Niet enkel het totaal aantal voedingsstoffen en calorieën aanwezig in een portie (de samenstelling) is dus van belang. De manier waarop deze voedingsstoffen ter beschikking worden gesteld is dat ook. 100 kcal afkomstig uit intens verwerkte levensmiddelen (zoals falafel, maar ook cake of wit brood) zijn dus heel verschillend van 100 kcal uit gekookte kikkererwten of hummus.
Wat is dan het gezondst?
Dat hangt heel erg af van wie het voedingsmiddel consumeert. Terwijl jij en ik meer baat hebben bij een geleidelijke toevoer van energie (zoals bij hummus), heeft een topsprinter net nood aan een snelle toevoer van veel energie (zoals bij falafel). Ook de andere ingrediënten in het recept (bijvoorbeeld olie en zout) zullen bepalen hoe gezond die falafel of hummus uiteindelijk zijn.
In de supermarkt vind je al allerlei producten op basis van peulvruchten, zoals pasta en crackers gemaakt van kikkererwt- of linzenbloem. Gemakkelijk! Want zo kan je meer peulvruchten eten zonder je eetgewoonten al te sterk aan te passen.
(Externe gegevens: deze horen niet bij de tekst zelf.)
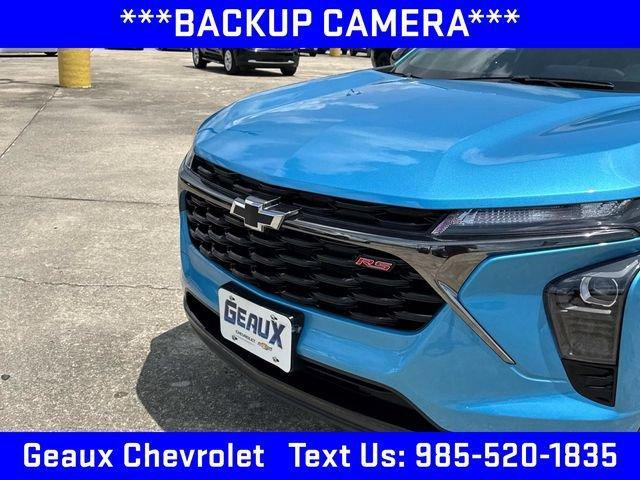 used 2025 Chevrolet Trax car, priced at $25,995
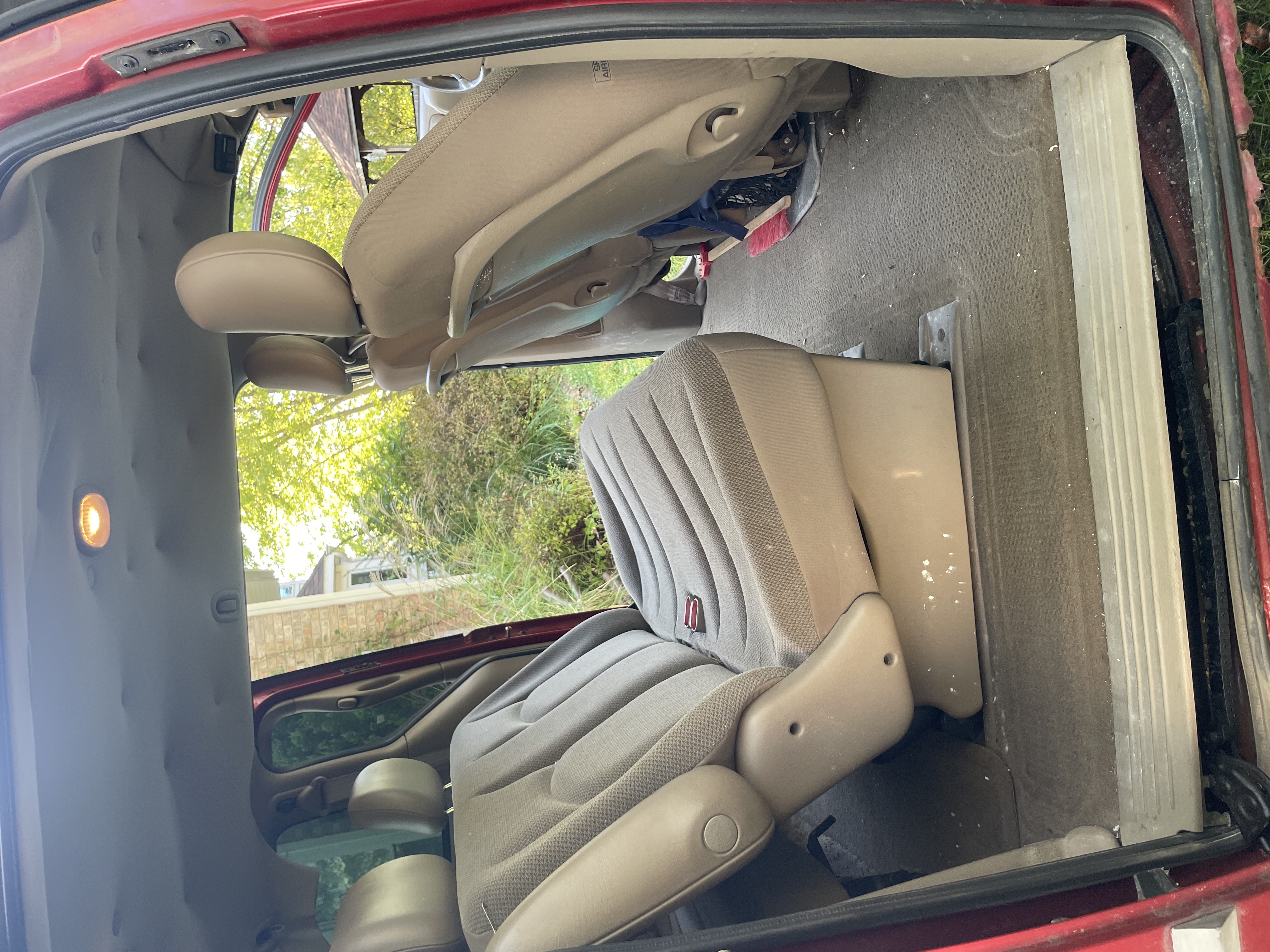 Used 2001 Dodge Caravan SE FWD image 16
Maar peulvruchtbloem wordt gemaakt door rauwe peulvruchten te vermalen, waarbij de structurele opbouw volledig verloren gaat (zoals bij falafel). Hoewel deze bloem wél dezelfde samenstelling heeft als hele peulvruchten, verloopt de vrijzetting van voedingsstoffen veel sneller.
Vertering in een proefbuis
De microscopische structuur en de verteerbaarheid van peulvruchten kunnen dus heel sterk beïnvloed worden door de volgorde van de processtappen om te wisselen. Dat is precies wat ik tijdens mijn doctoraat onderzoek. Door eerst linzen te koken en dan te vermalen (zoals bij hummus), maken wij bloem die wel intacte cellen bevat. Die bloem verwerken we in allerlei levensmiddelen, zoals een soep of een pasta. Vervolgens onderzoeken wij in het lab ‘hoe verteerbaar’ het zetmeel en de eiwitten in die levensmiddelen precies zijn.
De verteerbaarheid van levensmiddelen onderzoeken wij eenvoudig in proefbuizen. Een hoeveelheid levensmiddel wordt bij 37°C opeenvolgend vermengd met een speeksel-, een maag- en dunnedarmoplossing, om de omstandigheden in elke fase van de spijsvertering na te bootsen. Op vaste tijdstippen nemen wij stalen, waarin we onderzoeken hoeveel zetmeel en eiwitten er reeds werden vrijgezet. Deze experimenten zijn sneller, gemakkelijker en goedkoper dan menselijke studies en geven ons de mogelijkheid om veel stalen te vergelijken om zo de beste producten te selecteren.
Voedsel voor de toekomst?
Of we binnenkort met zijn allen cellensoep gaan eten? Dat hangt van een heleboel dingen af. Zo’n cellenbloem is heel verschillend van normale bloem, zowel qua verwerkbaarheid als qua smaak, textuur en kleur van het uiteindelijke levensmiddel. Naast gezond, moet een levensmiddelen natuurlijk ook lekker en aantrekkelijk zijn voor we het willen consumeren.
Het wordt steeds duidelijker: zowel voor onze gezondheid als het klimaat moeten we meer ‘plant-based’ gaan eten. Peulvruchten vormen een goede bron van plantaardige eiwitten, vezels en mineralen. Bovendien zijn peulvruchten en graanproducten complementair. Dit wil zeggen dat als je ze voldoende afwisselt, je alle essentiële aminozuren binnenkrijgt. Vlees heb je hier dan niet meer voor nodig. Het wordt daarom aangeraden om 75 g peulvruchten per dag te eten. Helaas eet slechts 1/5 van de Vlamingen wekelijks peulvruchten. Dat moet beter.